On a $1100 bill, $800 of it is demand fees, and $300 is for kWhs used.
This affects EVs is because they are high-demand devices. The more EV charging kW you hook up, the faster the Demand segment of the bill rises as compared to kWh billing. So both Solar and EVs increase your cost per kWh.
Like posted above, some of this can be mitigated by load shifting battery arrays. Oddly enough, if you have solar, you are shifting your power to the AM when folk plug in their EVs. But due to the variability of weather and clouds, there is never a 'correct' balance, since you cannot predict solar output in advance.
I finally got so fed up with fighting this I contacted the California Attorney General about the California Public Utility Commissions misbehavior when it comes to solar and EVs, and Southern California Edison's misleading marketing of their support for Solar and EVs.
The AG said they don't handle matters concerning California government bureaus. Yes, that's a fib. But oddly enough, SCE finally switched me to a plan that was based on my energy consumption. The result? I can now plug in my EVs again, and my solar will payback in 2.5 years by saving ~$10,500 in 2018 over 2017.
Cliff Notes: Disagrees can be helpful. Yes, you can pay insane amounts of money for charging EVs even if you have a lot of solar.
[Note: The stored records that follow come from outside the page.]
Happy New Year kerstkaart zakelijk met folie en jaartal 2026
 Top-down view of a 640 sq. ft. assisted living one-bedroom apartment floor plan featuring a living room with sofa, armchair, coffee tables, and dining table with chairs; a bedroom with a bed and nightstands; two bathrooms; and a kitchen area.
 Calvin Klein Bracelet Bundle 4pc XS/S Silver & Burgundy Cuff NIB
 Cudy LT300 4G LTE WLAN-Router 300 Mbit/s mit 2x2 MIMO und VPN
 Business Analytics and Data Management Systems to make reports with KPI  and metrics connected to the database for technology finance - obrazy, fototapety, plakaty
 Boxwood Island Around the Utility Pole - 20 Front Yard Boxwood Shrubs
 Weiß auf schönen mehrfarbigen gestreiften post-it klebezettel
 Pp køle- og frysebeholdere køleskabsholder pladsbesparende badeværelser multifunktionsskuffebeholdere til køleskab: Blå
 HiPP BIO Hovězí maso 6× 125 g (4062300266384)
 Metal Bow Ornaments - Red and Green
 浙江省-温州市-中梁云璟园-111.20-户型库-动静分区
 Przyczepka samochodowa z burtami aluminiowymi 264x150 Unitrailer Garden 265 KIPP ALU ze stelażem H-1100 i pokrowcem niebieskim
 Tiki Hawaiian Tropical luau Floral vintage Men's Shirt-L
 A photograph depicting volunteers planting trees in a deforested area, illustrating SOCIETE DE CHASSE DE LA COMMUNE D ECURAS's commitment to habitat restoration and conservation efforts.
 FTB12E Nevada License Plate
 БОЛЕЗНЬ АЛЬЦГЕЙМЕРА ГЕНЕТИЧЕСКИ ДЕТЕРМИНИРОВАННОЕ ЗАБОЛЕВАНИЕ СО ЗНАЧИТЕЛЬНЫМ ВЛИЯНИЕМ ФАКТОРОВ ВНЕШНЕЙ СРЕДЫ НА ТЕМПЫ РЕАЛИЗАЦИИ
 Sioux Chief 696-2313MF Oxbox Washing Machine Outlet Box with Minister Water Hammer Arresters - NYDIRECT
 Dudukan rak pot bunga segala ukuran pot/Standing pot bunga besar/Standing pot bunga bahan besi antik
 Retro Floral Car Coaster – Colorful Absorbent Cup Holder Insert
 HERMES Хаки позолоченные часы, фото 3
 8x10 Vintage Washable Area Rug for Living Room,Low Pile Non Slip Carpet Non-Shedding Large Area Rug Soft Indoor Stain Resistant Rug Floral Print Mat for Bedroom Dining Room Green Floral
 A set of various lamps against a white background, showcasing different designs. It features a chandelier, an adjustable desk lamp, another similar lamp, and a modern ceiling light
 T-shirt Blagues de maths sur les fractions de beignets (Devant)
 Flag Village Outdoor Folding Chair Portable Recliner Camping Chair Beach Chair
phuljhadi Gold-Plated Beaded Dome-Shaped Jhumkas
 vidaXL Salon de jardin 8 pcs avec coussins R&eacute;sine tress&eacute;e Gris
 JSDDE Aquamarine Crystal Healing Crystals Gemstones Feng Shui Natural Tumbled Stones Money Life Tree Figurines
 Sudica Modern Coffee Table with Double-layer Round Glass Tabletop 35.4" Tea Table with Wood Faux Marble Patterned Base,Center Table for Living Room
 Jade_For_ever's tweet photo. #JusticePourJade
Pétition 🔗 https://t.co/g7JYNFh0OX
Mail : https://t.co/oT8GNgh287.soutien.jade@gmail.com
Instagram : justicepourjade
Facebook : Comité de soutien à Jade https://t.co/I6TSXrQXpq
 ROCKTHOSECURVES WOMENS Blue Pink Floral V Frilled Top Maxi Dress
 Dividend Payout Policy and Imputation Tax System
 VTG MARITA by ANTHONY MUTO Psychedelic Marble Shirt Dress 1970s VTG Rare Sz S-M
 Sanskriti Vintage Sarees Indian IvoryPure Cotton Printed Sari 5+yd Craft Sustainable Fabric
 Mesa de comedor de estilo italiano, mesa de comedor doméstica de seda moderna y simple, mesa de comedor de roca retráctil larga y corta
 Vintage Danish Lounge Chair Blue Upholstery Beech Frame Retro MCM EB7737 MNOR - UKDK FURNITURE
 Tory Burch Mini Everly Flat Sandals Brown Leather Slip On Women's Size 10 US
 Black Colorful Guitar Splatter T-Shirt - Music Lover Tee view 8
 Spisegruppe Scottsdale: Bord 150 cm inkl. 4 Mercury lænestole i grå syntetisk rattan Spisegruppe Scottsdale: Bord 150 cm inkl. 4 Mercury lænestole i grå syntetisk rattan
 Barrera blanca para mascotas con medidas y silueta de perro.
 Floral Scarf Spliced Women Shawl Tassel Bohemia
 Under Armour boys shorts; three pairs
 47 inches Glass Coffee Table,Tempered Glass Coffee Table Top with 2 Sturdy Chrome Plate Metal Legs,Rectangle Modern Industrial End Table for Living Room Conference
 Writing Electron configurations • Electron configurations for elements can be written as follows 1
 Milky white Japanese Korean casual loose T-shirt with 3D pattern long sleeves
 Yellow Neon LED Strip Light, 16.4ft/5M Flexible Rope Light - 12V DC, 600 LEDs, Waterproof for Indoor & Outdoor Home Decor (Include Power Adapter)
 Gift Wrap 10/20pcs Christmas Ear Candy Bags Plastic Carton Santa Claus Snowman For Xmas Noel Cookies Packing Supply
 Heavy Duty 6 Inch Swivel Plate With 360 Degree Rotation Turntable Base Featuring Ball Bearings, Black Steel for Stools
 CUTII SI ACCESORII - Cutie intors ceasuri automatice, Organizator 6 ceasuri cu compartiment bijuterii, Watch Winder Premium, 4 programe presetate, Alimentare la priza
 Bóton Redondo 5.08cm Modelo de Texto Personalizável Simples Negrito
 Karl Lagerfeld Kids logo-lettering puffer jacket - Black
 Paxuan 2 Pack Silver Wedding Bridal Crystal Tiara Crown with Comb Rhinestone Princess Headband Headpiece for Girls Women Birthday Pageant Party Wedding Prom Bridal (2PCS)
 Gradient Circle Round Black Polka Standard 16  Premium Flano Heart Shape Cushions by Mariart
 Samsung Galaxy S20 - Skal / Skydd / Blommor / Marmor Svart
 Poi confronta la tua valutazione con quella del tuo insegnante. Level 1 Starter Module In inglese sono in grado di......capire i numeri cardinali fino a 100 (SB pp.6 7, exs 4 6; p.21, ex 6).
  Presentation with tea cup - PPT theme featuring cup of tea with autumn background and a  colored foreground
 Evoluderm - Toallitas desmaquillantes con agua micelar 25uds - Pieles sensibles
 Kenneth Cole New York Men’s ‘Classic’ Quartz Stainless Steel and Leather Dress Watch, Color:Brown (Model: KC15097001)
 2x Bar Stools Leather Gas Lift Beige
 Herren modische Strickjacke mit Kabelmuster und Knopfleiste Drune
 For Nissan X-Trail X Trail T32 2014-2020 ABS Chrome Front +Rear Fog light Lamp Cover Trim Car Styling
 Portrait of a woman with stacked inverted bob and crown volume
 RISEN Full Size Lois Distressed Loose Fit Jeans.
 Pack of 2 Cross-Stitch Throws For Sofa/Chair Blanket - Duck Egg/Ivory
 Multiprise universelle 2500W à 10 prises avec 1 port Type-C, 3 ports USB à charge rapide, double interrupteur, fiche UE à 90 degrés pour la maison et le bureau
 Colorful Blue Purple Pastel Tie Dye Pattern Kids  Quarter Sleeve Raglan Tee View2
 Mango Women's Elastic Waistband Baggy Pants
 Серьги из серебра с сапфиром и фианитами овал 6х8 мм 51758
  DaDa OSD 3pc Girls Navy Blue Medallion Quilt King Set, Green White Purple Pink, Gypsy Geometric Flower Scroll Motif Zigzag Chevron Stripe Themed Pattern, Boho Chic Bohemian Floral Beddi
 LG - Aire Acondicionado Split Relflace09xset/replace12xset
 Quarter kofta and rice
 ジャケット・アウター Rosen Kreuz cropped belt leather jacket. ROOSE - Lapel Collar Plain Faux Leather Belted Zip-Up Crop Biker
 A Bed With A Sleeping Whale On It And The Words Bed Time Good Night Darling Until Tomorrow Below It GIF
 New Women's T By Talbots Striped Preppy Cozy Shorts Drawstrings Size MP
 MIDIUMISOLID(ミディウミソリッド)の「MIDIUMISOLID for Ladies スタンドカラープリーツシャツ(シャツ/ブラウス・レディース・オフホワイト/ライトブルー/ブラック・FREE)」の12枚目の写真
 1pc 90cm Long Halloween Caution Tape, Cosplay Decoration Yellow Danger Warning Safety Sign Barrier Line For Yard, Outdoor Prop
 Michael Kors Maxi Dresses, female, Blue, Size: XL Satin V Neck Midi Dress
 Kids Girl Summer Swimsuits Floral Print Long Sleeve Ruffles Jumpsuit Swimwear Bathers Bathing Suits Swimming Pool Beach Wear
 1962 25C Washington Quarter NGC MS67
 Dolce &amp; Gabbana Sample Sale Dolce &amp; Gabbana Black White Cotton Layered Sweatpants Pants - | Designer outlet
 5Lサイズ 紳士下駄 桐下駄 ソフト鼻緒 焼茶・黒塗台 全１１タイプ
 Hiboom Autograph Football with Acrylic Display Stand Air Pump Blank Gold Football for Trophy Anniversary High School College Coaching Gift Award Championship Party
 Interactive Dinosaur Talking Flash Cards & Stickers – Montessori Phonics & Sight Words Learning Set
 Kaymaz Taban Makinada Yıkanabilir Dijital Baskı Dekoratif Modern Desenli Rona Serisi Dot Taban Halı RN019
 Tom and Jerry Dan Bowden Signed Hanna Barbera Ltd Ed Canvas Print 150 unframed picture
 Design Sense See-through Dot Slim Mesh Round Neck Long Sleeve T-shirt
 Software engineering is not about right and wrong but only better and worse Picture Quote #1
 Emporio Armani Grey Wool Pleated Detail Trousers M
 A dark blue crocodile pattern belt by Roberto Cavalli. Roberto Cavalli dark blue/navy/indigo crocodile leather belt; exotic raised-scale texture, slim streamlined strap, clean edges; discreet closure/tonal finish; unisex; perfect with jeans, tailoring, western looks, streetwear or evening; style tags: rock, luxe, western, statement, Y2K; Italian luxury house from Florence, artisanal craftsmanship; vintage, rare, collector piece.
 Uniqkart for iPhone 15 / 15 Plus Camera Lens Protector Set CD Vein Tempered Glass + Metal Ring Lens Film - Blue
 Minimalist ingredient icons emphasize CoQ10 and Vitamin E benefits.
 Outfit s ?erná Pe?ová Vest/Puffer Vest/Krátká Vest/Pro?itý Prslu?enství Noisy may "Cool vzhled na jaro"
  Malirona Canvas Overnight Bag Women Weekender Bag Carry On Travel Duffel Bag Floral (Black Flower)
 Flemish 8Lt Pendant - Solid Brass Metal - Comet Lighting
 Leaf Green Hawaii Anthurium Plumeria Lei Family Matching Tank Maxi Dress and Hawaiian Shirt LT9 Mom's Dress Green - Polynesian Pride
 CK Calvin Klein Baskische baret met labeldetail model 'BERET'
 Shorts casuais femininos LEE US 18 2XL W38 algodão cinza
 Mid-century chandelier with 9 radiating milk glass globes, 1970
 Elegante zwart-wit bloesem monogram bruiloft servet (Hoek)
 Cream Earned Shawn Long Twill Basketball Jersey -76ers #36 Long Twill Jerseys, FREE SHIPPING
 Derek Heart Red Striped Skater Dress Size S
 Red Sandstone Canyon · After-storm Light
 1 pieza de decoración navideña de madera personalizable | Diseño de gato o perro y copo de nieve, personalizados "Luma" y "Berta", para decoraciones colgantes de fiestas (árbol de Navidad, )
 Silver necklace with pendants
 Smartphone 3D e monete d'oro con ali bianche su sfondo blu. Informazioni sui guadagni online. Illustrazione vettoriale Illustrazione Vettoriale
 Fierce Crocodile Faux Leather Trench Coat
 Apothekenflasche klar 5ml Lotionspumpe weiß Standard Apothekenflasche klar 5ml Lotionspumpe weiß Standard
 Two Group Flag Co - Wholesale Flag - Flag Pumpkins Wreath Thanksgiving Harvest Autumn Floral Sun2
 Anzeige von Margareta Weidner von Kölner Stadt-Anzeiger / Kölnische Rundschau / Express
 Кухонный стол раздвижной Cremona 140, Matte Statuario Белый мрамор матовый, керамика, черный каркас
Government entities are trying to migrate residential customers to such plans, and no amount of panels will fix that except 100% off grid.
Trivia: We produced over 100 kWh of juice yesterday on a cloudy cool day. Today I am working on adding 4.2 kW more panels for a total of 24.2 kW.
We make >10 more electricity than our 3 EVs use. We are are on target to make 40-50 MWh in 2018.